Hala Audi, Director of Strategy and Policy at the Infrastructure and Projects Authority, responded to the report on behalf of the government. 

"The more we have these good quality publications to better inform the public, the more we can keep the infrastructure conversation going with government,” she said. 

She also welcomed the recommendation calling for active steps to be taken to facilitate the use of alternative funding types, such as asset recycling: “It’s good to see ICE and the industry having these types of conversations, which are also happening within government.” 

Government 'must improve the framework'

David Barwell, UK&I Chief Executive, AECOM, welcomed the recommendations and said AECOM strongly agreed with backing better models for funding of infrastructure where it makes sense to do so for the benefit of the user. 

“As partners and investors on the Heathrow Southern Railway proposal, we’re extremely pleased to see the recommendation for the government to reform the way it deals with market-led proposals.  

“In order for the government to demonstrate it truly understands and values the importance of such proposals, it must improve the framework, making it easier for the private sector to deliver public infrastructure - with intellectual property protected and a clearly defined path for delivery.  

“Despite the complications of doing so, we agree with the ICE that the feasibility of a dedicated UKI infrastructure finance institution needs to be explored.  

“The EU’s European Investment Bank has worked for decades to bring private capital into infrastructure projects – but the UK’s membership of the bank could end post-Brexit.

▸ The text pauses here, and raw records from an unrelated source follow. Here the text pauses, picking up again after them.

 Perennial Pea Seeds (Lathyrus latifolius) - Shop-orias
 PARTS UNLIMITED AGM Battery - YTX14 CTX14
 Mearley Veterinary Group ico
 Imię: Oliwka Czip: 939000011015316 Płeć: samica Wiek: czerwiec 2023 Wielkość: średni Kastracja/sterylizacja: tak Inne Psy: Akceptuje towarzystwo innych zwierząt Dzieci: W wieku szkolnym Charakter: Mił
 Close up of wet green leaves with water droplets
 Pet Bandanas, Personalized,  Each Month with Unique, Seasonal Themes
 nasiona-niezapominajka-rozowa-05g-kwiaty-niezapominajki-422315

The need for new ways to mobilise private capital is even more pressing as Britain prepares to leave the European Union.” 

Andy Rose, CEO, Global Infrastructure Investor Association, said the report was relevant at a time when the industry is facing "unprecedented technological changes" and "constrained public finances".

“ICE’s excellent State of the Nation report explores how government and the private sector must work together in partnership to address the funding, financing and delivery models to deliver the high-quality infrastructure needed for future generations," he said. 

The report’s findings and recommendations are based on discussions, conversations and workshops with over 150 organisations and professionals. 

As well as civil engineers, the panel consulted with experts from the wider infrastructure sector, and the investment community.